### EXTRACTED DATA

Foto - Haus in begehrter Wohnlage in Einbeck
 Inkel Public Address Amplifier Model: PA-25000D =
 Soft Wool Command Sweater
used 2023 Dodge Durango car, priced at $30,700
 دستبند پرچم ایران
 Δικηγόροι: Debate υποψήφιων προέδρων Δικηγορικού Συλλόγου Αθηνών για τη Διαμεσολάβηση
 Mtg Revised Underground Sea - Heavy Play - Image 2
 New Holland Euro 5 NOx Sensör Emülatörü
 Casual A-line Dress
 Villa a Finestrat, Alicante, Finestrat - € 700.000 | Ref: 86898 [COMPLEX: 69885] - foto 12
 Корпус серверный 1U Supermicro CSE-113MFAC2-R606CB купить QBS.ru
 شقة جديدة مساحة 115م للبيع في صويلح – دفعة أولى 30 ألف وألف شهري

######

* TASK GOAL
Output must be limited to the lines beginning with the one that contains "Mtg Revised Underground" and ending with the last line of the entries, reproduced exactly.

* PROBLEM SOLUTION
 Mtg Revised Underground Sea - Heavy Play - Image 2
 New Holland Euro 5 NOx Sensör Emülatörü
 Casual A-line Dress
 Villa a Finestrat, Alicante, Finestrat - € 700.000 | Ref: 86898 [COMPLEX: 69885] - foto 12
 Корпус серверный 1U Supermicro CSE-113MFAC2-R606CB купить QBS.ru
 شقة جديدة مساحة 115م للبيع في صويلح – دفعة أولى 30 ألف وألف شهري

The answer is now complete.